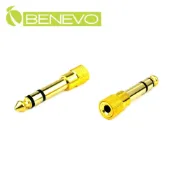 Benevo 鍍金版 6.3mm(公)轉3.5mm(母)音源轉接頭 [BAUMLAUF(鍍金版)]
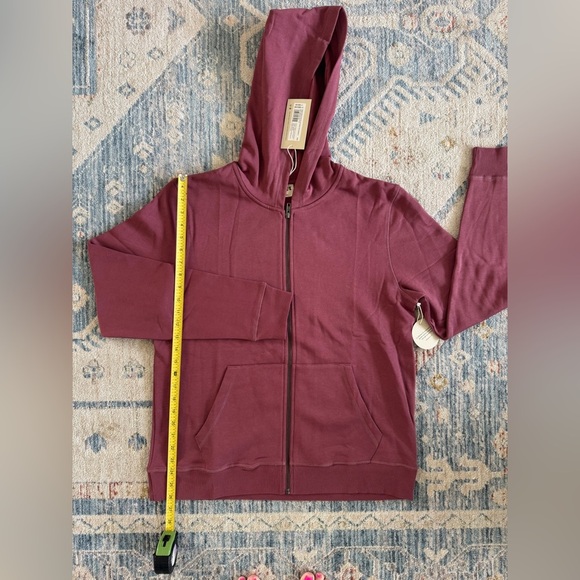 Pact Organic Cotton Unisex One For All Zip Up Hoodie - Mauve - Size Medium - Picture 3 of 9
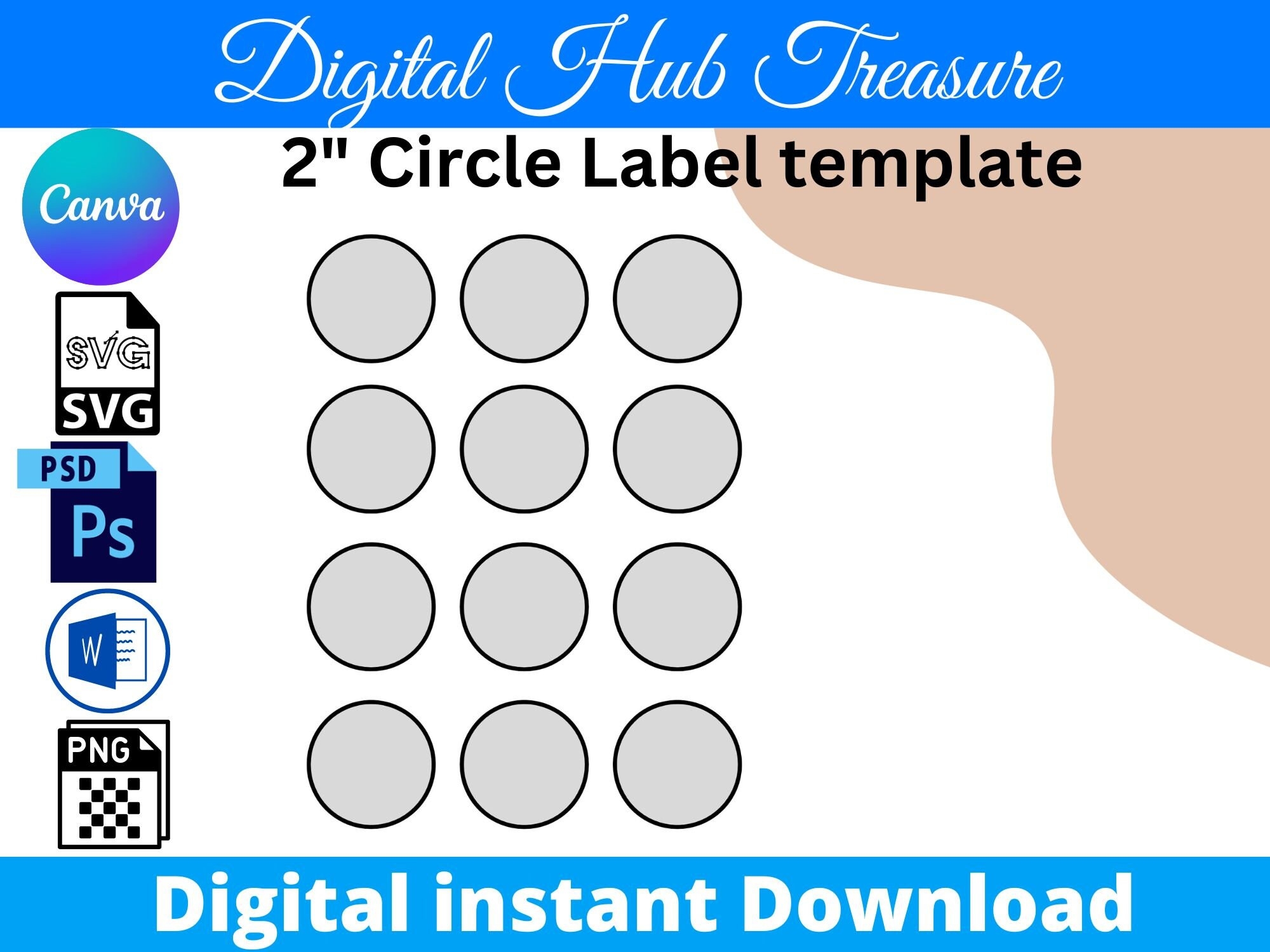 2 In Round Labels Printable Editable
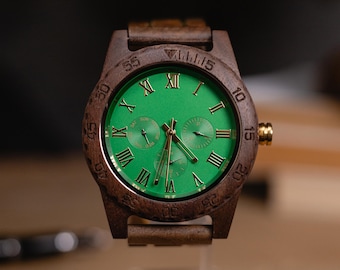 Custom wood watch for men,Roman numeral wrist watches for men,Green dial watches for men,Chronograph watches for men,Handmade wooden watches
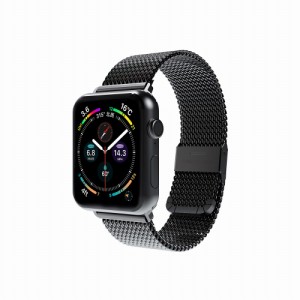 miak SMAMA-W4244BK Apple Watch 45mm(Series7)/44mm(SE/6/5/4)/42mm(3/2/1)用 CLIP MESH BAND（ブラック）[SMAMAW4244BK] 返品種別A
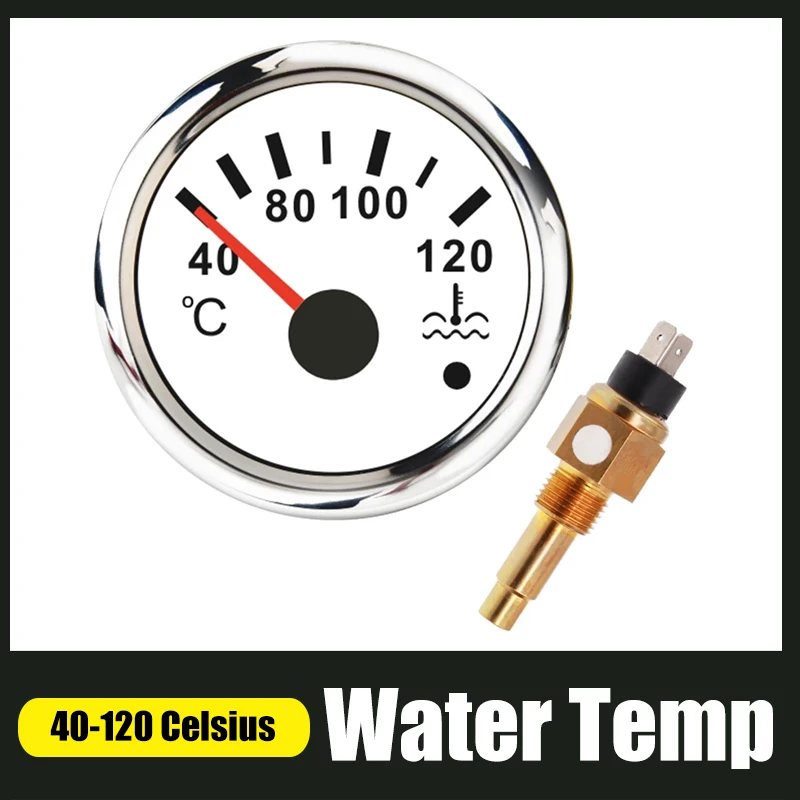 52 мм измеритель температуры воды 40-120 ℃ с M16 * 1.5 Датчик Отправитель Индикатор для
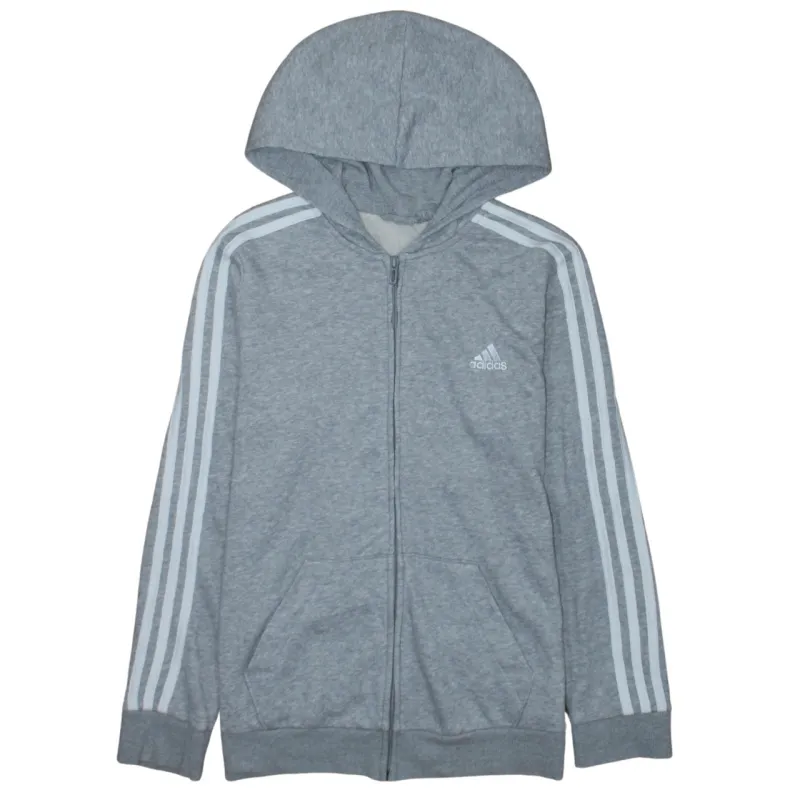 Adidas Light Grey Full Zip Hoodie Men’s XSmall Three Stripe Sleeves Printed Logo Sweatshirt sold by Vintage Club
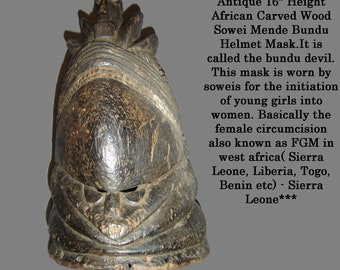 Superb!!! Antique African Carved Wood Sowei Mende Bundu Devil Helmet Mask Sierra Leone.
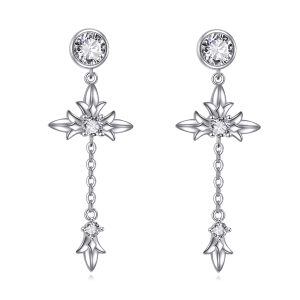 Sterling Silver CZ Cross Drop Dangle Earrings-0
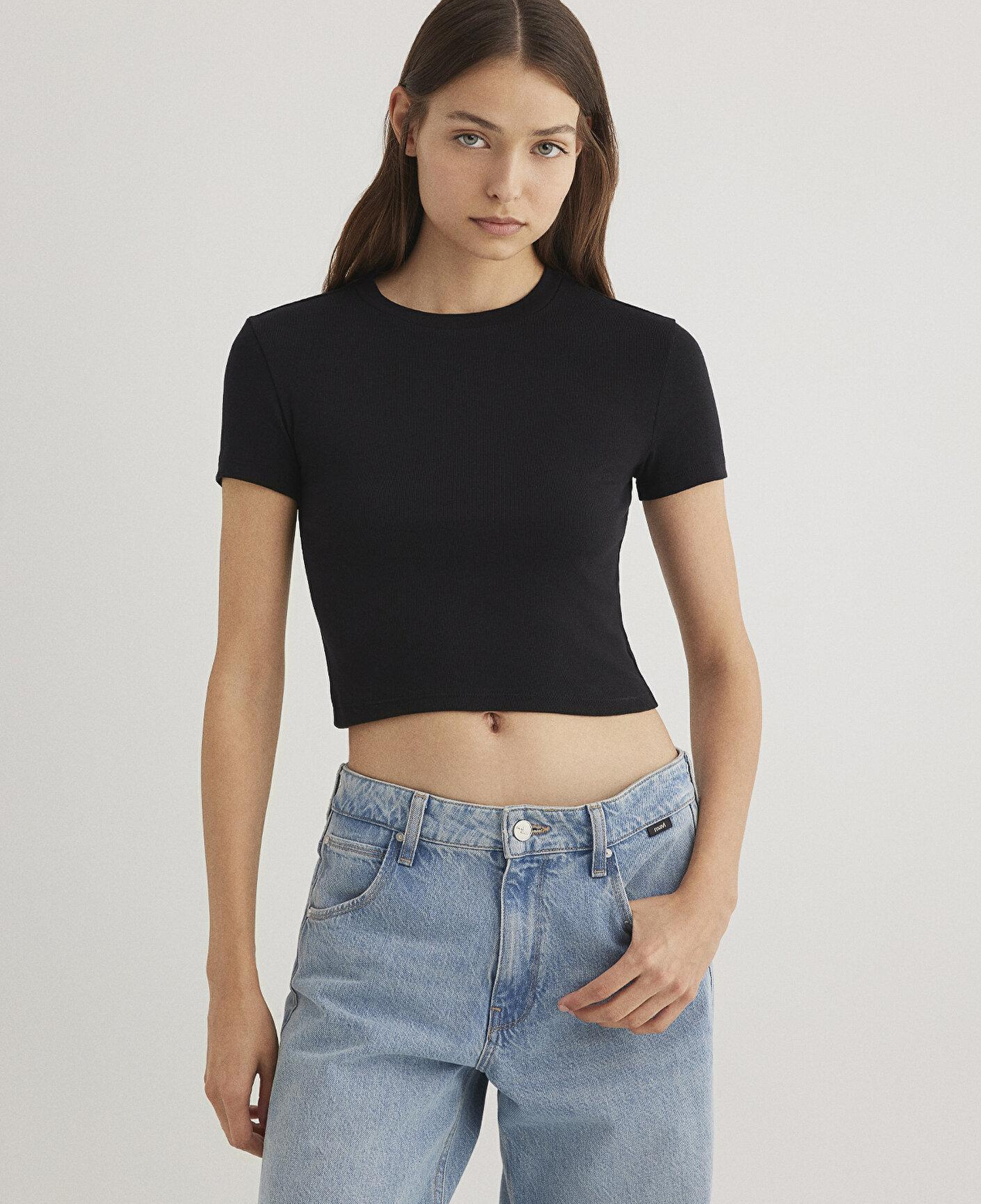 Mavi 2li Kadın Crop Basic Tişört Crop / Kısa Kesim 1613028-900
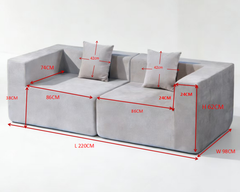 Compressed Modular 2-Seater Sofa – Beige Space-Saving Lounge Sofa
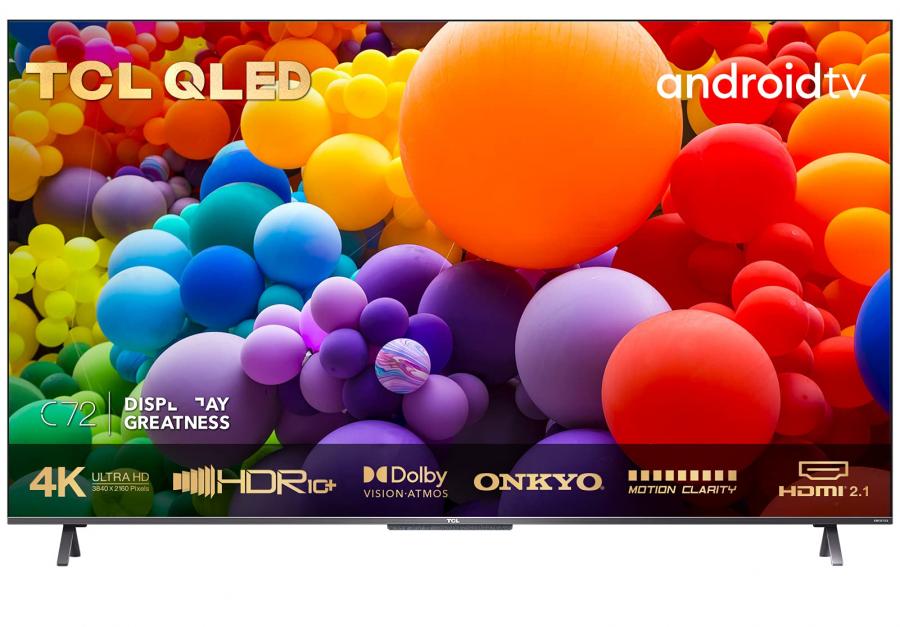 TCL 55C721, Smart Android TV 55 Pollici, QLED TV, 4K Ultra HD con Audio
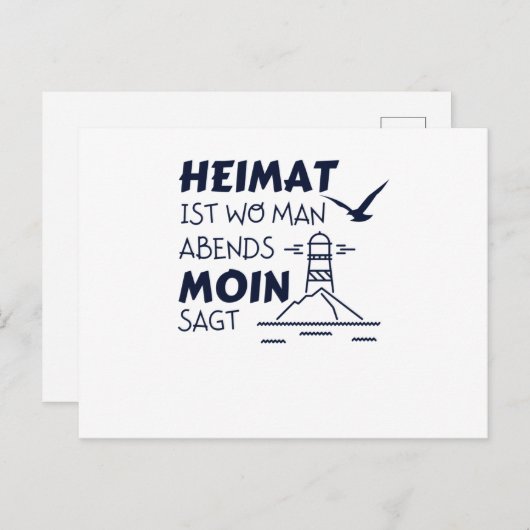 Zuhause Moin Lighthouse Seagull Nordsee Postkarte (Vorne/Hinten)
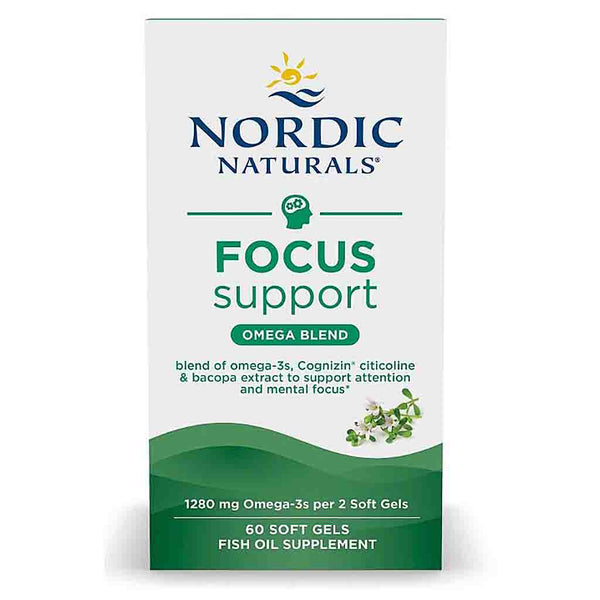 Nordic Naturals Focus Support Omega Blend fish oil supplement box, 60 soft gels, on a white background.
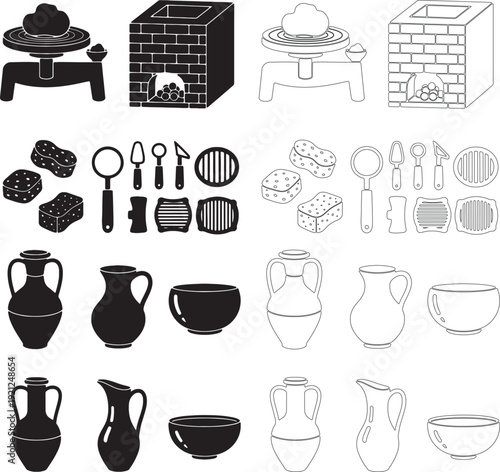 Traditional pottery making tools and equipment silhouettes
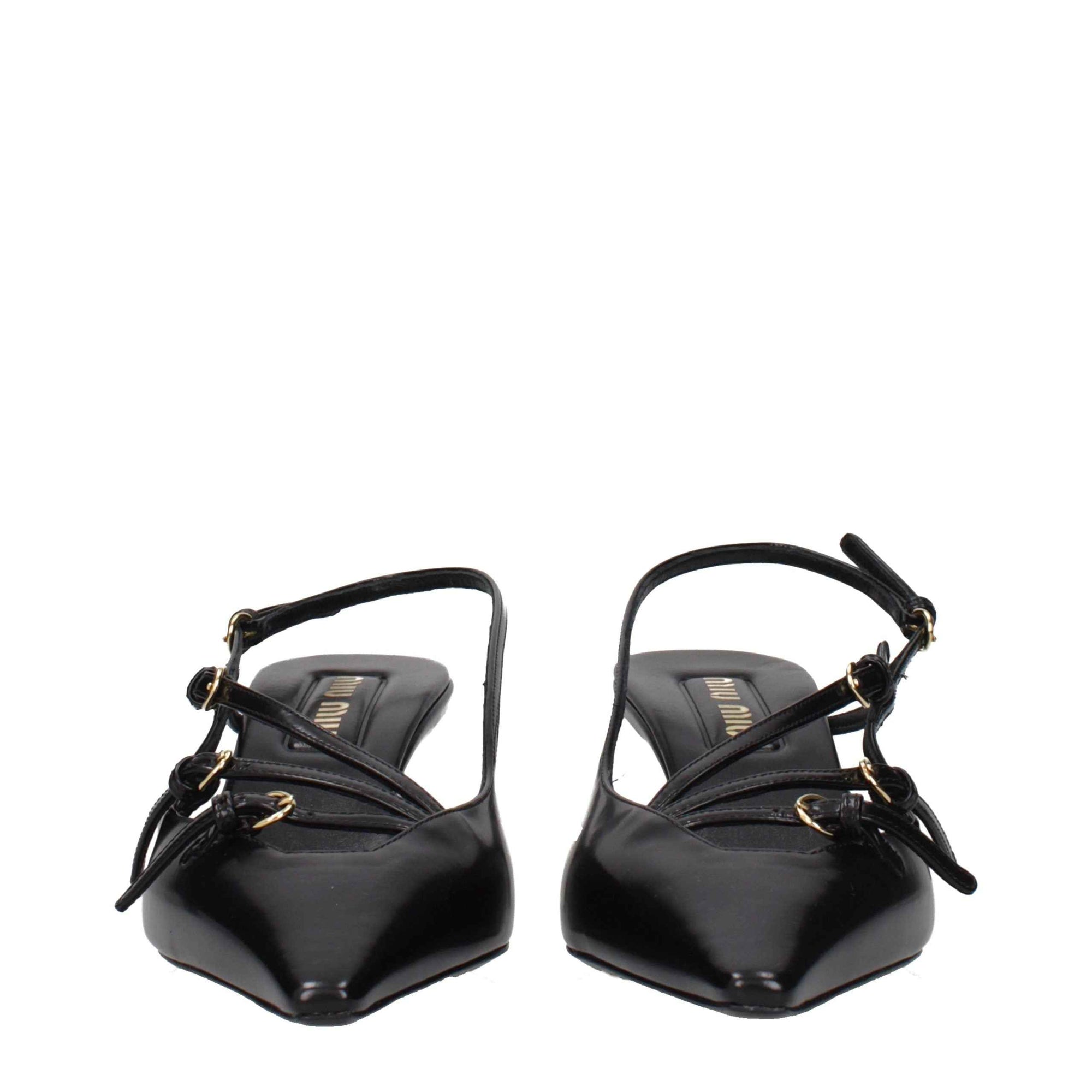 Miu Miu Black Leather High Heel Pumps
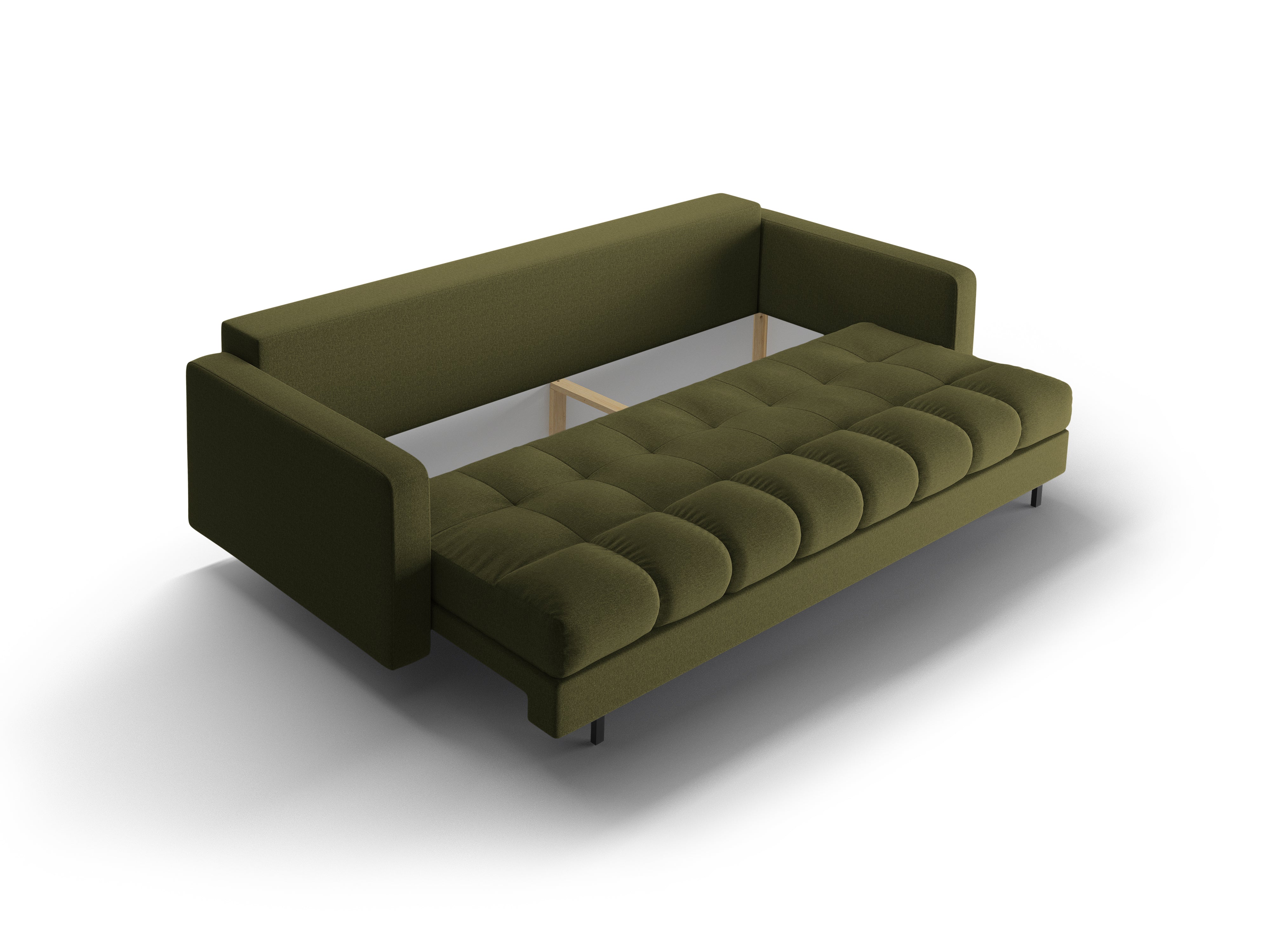 Sofa aksamitna 3-osobowa z funkcją spania BALI ciemnozielony z czarną podstawą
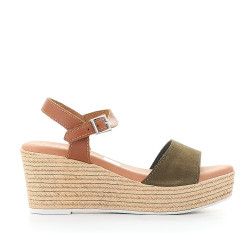 Sandalias cuña Redlove marta de cuña con tira delantera verde - Querol online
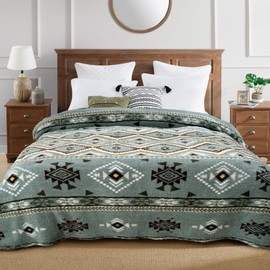 CASAAGUSTO Boho Sherpa Throw Blanket, Aztec Queen Blanket, Ultra Soft, Warm, Cozy, Plush, Thick Fleece Bohemian Throw Blanket for Couch, Bed, Sofa (Olive Green 90 * 90 Inch)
★ ★ ★
Begin at the line containing "Sandalias cuña Redlove" and copy every line through the end of the data above exactly, omitting the pictures.

 Sandalias cuña Redlove marta de cuña con tira delantera verde - Querol online
 CASAAGUSTO Boho Sherpa Throw Blanket, Aztec Queen Blanket, Ultra Soft, Warm, Cozy, Plush, Thick Fleece Bohemian Throw Blanket for Couch, Bed, Sofa (Olive Green 90 * 90 Inch)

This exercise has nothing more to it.